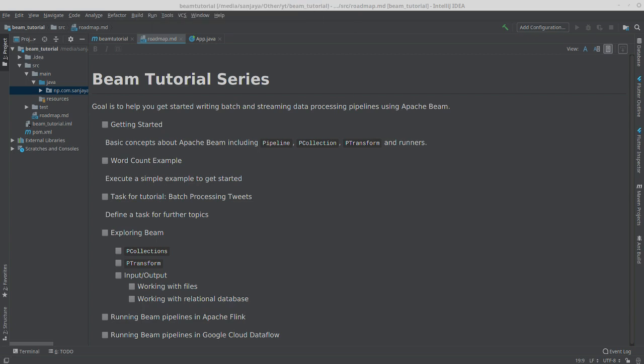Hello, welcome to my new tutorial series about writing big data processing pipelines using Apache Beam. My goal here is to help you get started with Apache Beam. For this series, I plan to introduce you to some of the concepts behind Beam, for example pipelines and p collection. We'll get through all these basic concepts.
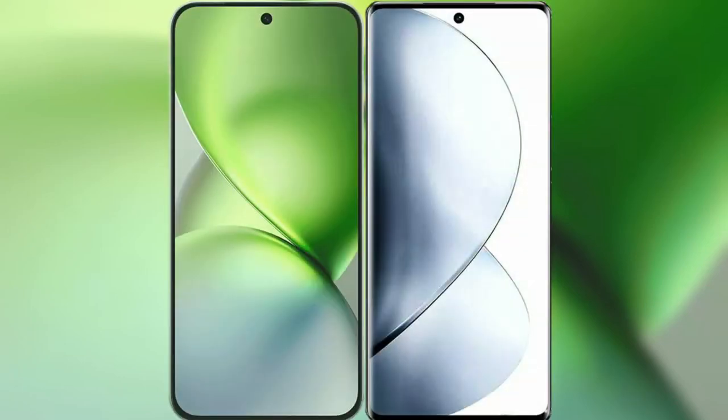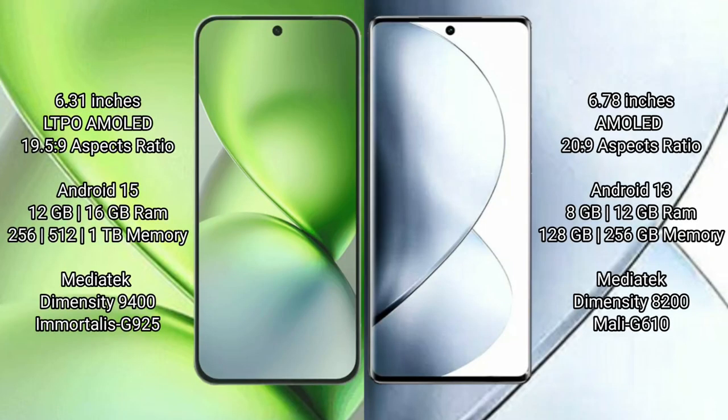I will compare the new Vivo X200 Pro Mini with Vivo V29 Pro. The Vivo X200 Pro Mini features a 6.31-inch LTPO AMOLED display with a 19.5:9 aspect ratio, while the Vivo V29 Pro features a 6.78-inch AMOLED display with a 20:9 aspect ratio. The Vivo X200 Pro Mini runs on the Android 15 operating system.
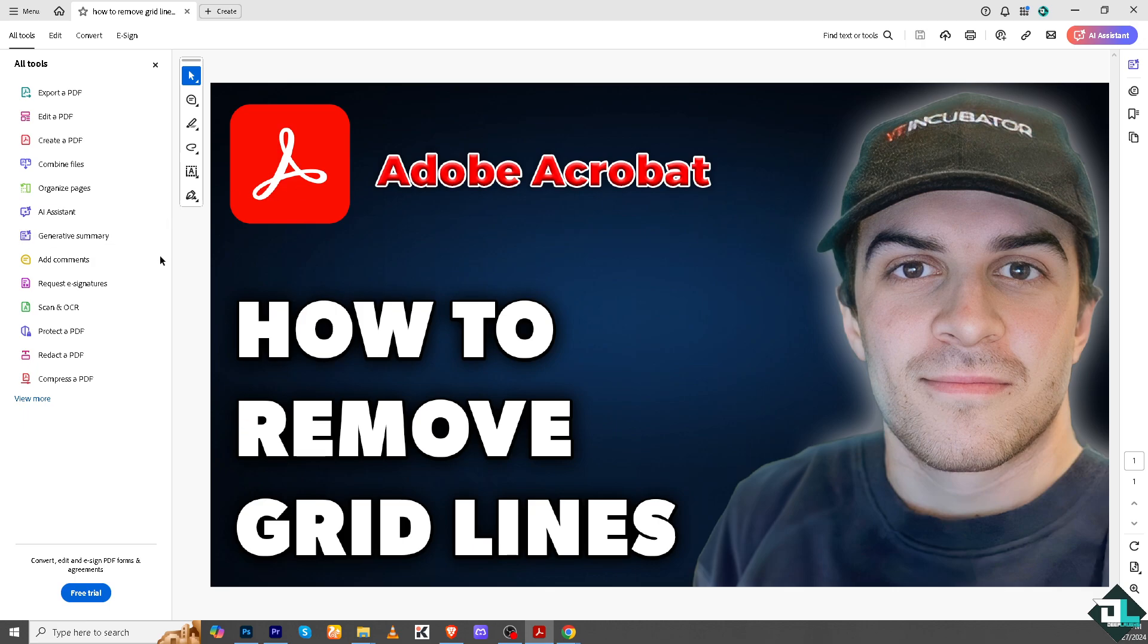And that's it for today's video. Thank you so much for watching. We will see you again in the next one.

==

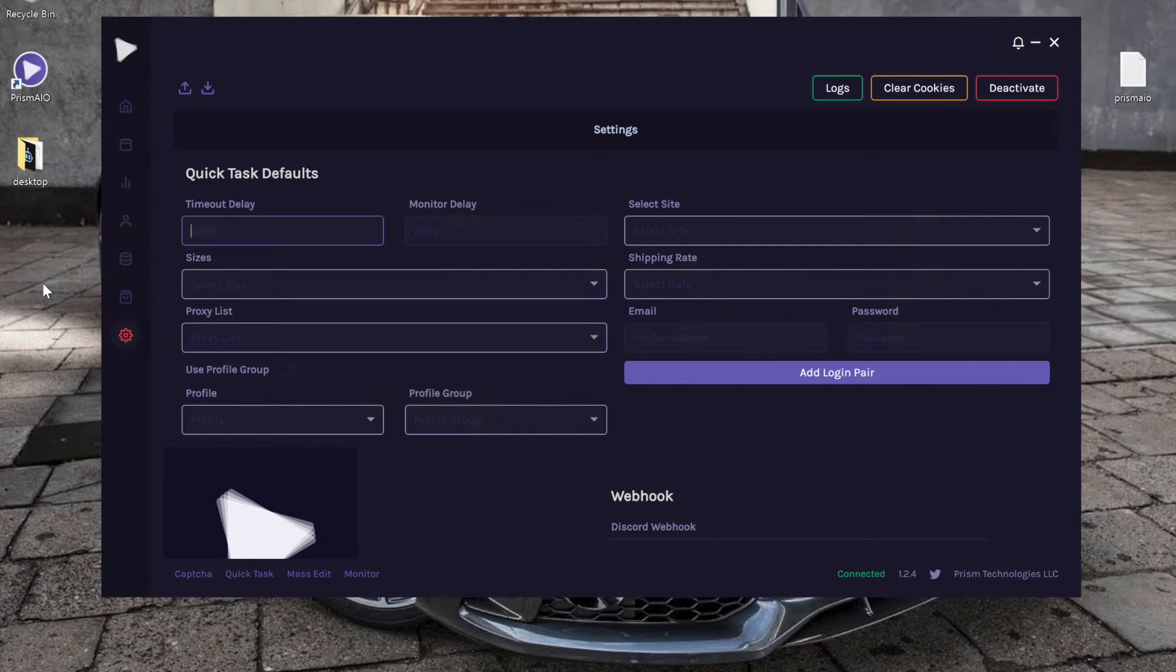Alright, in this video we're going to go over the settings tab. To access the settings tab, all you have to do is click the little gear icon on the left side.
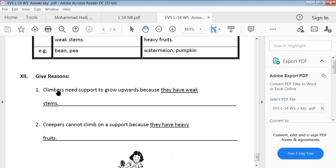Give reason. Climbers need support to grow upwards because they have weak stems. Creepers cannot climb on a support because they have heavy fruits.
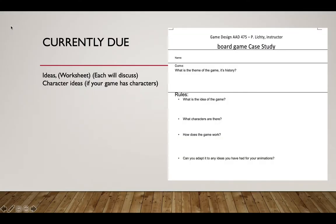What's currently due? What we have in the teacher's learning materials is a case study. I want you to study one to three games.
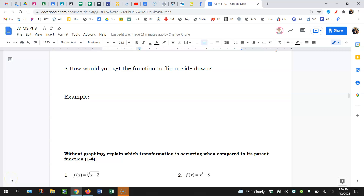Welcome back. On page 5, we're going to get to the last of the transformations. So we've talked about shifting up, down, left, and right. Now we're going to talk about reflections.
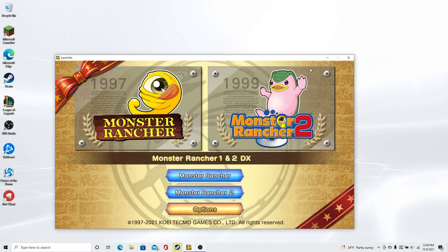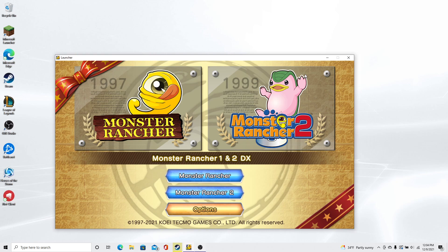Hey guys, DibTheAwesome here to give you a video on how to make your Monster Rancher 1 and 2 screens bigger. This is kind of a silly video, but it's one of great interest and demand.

---

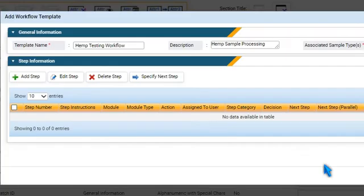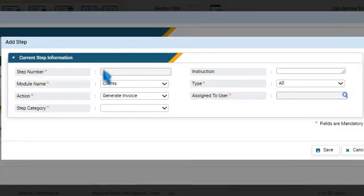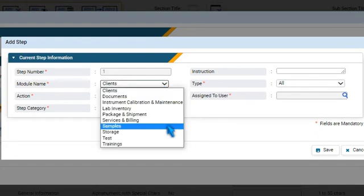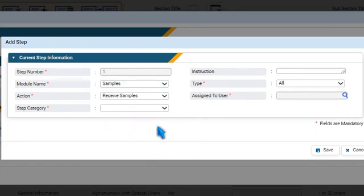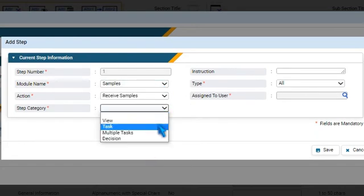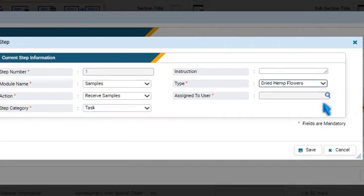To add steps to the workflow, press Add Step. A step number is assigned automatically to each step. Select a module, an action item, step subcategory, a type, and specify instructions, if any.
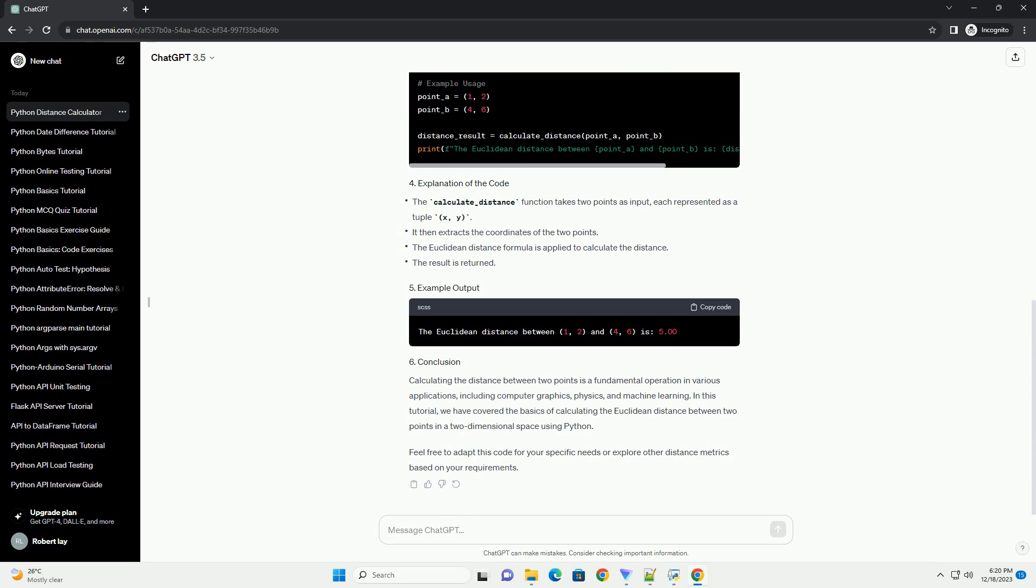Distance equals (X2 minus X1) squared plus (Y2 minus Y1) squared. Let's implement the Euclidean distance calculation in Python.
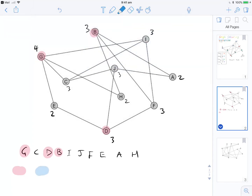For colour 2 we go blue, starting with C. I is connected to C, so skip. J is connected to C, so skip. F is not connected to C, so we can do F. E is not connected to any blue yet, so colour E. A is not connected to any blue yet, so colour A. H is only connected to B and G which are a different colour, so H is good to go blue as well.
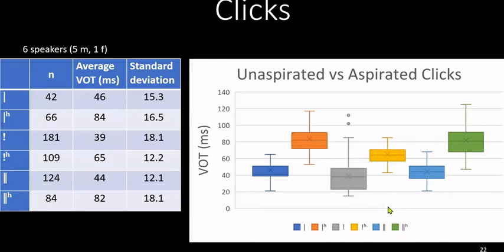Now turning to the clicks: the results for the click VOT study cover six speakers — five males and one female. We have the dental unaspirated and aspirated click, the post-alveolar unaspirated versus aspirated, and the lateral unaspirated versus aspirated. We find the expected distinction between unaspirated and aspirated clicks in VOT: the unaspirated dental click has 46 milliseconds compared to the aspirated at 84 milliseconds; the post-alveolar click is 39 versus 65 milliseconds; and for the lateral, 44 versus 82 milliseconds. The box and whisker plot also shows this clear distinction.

WHAT THE TASK REQUIRES: Copy nothing but the lines above that run from the one with "Hello, welcome to" to the one with "And that's it", ends included; pictures stay out.

ANSWER TO THE EXERCISE:
Hello, welcome to my new tutorial series about writing big data processing pipelines using Apache Beam. My goal here is to help you get started with Apache Beam. For this series, I plan to introduce you to some of the concepts behind Beam, for example pipelines and p collection. We'll get through all these basic concepts.
I will compare the new Vivo X200 Pro Mini with Vivo V29 Pro. The Vivo X200 Pro Mini features a 6.31-inch LTPO AMOLED display with a 19.5:9 aspect ratio, while the Vivo V29 Pro features a 6.78-inch AMOLED display with a 20:9 aspect ratio. The Vivo X200 Pro Mini runs on the Android 15 operating system.
And that's it for today's video. Thank you so much for watching. We will see you again in the next one.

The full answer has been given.